__How to complete this task__.
Skip the images and print the listing exactly.
** Supplied data follows **
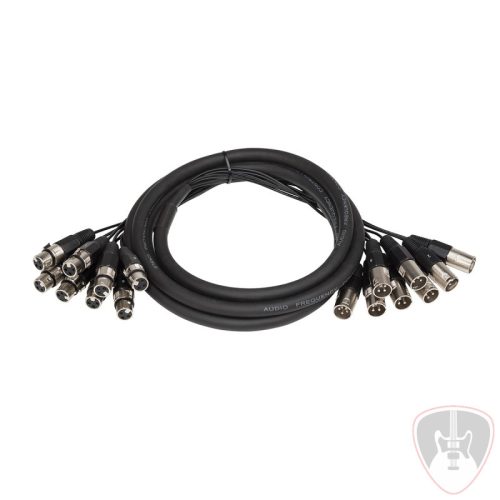 CBLMLT8-03 - 3 méteres szerelt adapterkábel, multi-core 8 csatlakozóval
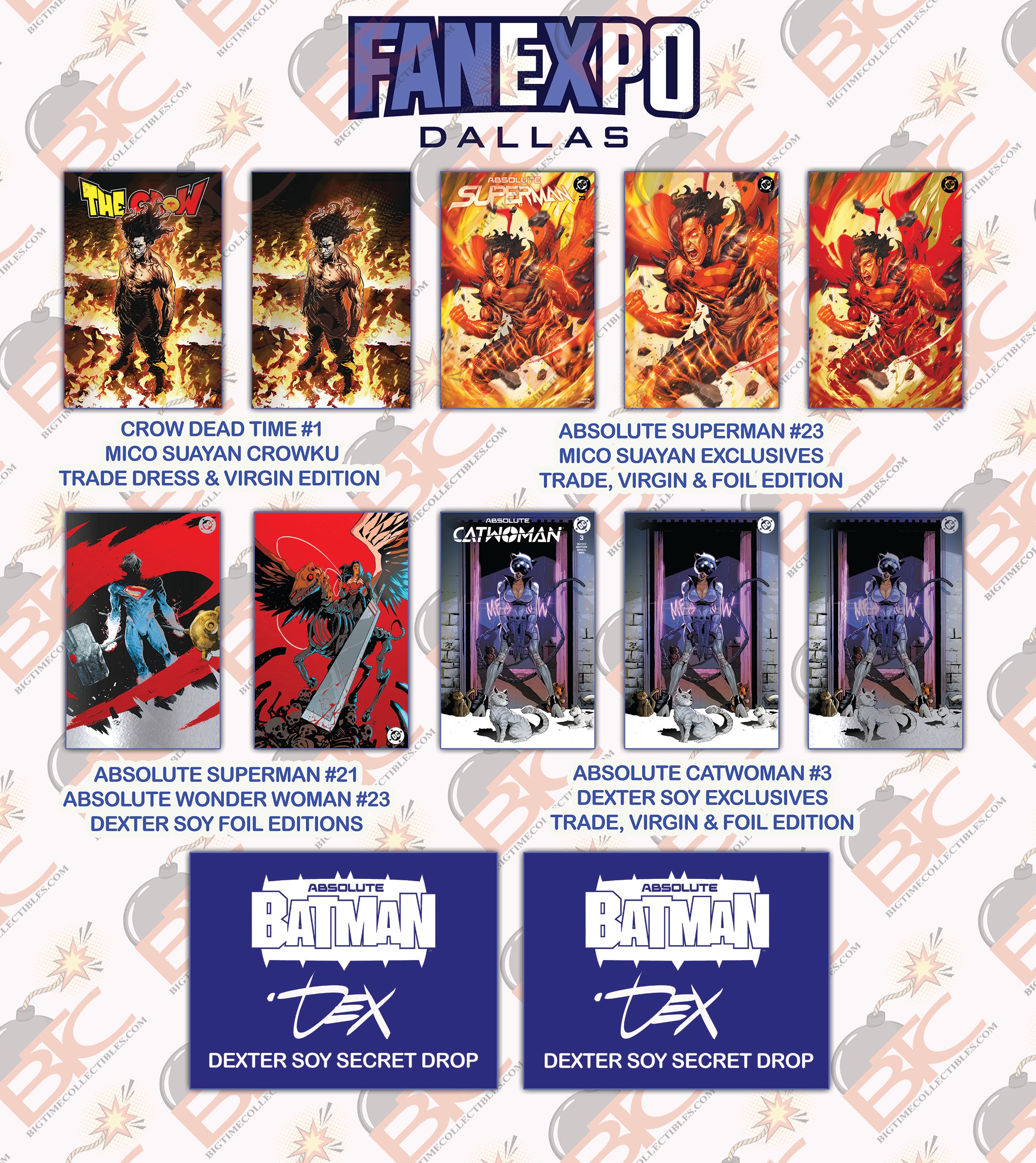 FANEXPO DALLAS 12-PACK BUNDLE LIMITED TO 50 SETS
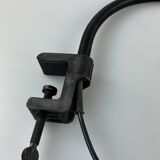 60s 70s table lamp clamp lamp gooseneck space age design metal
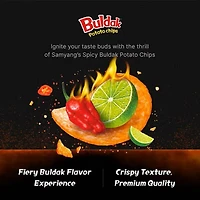 Samyang Buldak Potato Chips Chilli & Lime (55g)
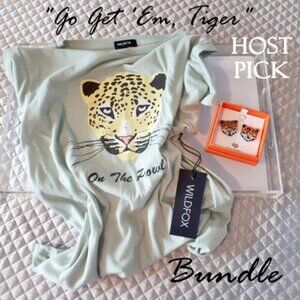 inchGo Get Em Tigerinch t-shirt & earring bundle set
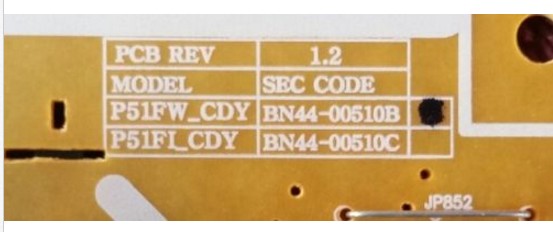 SAMSUNG NETZTEILKARTE BN44-00510B BN44-00510C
** End of Supplied data **
__Expected answer__.
 CBLMLT8-03 - 3 méteres szerelt adapterkábel, multi-core 8 csatlakozóval
 FANEXPO DALLAS 12-PACK BUNDLE LIMITED TO 50 SETS
 60s 70s table lamp clamp lamp gooseneck space age design metal
 Samyang Buldak Potato Chips Chilli & Lime (55g)
 inchGo Get Em Tigerinch t-shirt & earring bundle set
 SAMSUNG NETZTEILKARTE BN44-00510B BN44-00510C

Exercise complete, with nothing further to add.